━━━ DATA FOR THIS EXERCISE
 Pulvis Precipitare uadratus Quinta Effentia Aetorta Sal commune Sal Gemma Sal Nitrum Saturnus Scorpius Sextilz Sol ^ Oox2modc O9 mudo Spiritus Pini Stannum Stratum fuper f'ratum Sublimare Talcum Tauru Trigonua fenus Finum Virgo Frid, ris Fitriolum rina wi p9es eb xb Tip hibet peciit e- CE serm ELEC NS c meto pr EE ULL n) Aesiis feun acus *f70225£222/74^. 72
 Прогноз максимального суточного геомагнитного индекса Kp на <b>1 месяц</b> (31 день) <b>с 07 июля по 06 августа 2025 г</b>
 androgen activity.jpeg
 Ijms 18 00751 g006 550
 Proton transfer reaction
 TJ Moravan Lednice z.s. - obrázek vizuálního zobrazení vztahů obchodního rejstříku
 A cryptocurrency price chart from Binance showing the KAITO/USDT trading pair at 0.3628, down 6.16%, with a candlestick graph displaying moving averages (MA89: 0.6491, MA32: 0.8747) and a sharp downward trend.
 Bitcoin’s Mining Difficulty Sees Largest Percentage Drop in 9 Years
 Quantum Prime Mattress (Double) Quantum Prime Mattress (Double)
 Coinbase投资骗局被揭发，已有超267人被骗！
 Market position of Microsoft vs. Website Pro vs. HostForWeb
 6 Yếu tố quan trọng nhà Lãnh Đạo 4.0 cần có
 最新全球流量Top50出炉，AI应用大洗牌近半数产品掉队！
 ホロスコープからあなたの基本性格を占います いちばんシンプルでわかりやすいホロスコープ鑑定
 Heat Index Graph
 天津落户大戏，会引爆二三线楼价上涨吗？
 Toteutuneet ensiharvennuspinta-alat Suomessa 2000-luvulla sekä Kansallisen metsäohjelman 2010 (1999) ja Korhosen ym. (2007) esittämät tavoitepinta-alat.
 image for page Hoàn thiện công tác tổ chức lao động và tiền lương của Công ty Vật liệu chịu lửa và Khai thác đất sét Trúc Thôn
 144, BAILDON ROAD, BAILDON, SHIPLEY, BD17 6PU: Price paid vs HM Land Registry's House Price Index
━━━━━━
WHAT YOU ARE ASKED TO DO:
Every line from the first entry to the line containing "最新全球流量Top50出炉，AI应用大洗牌近半数产品掉队！" should be transcribed exactly, and nothing beyond it.

EXERCISE ANSWER:
 Pulvis Precipitare uadratus Quinta Effentia Aetorta Sal commune Sal Gemma Sal Nitrum Saturnus Scorpius Sextilz Sol ^ Oox2modc O9 mudo Spiritus Pini Stannum Stratum fuper f'ratum Sublimare Talcum Tauru Trigonua fenus Finum Virgo Frid, ris Fitriolum rina wi p9es eb xb Tip hibet peciit e- CE serm ELEC NS c meto pr EE ULL n) Aesiis feun acus *f70225£222/74^. 72
 Прогноз максимального суточного геомагнитного индекса Kp на <b>1 месяц</b> (31 день) <b>с 07 июля по 06 августа 2025 г</b>
 androgen activity.jpeg
 Ijms 18 00751 g006 550
 Proton transfer reaction
 TJ Moravan Lednice z.s. - obrázek vizuálního zobrazení vztahů obchodního rejstříku
 A cryptocurrency price chart from Binance showing the KAITO/USDT trading pair at 0.3628, down 6.16%, with a candlestick graph displaying moving averages (MA89: 0.6491, MA32: 0.8747) and a sharp downward trend.
 Bitcoin’s Mining Difficulty Sees Largest Percentage Drop in 9 Years
 Quantum Prime Mattress (Double) Quantum Prime Mattress (Double)
 Coinbase投资骗局被揭发，已有超267人被骗！
 Market position of Microsoft vs. Website Pro vs. HostForWeb
 6 Yếu tố quan trọng nhà Lãnh Đạo 4.0 cần có
 最新全球流量Top50出炉，AI应用大洗牌近半数产品掉队！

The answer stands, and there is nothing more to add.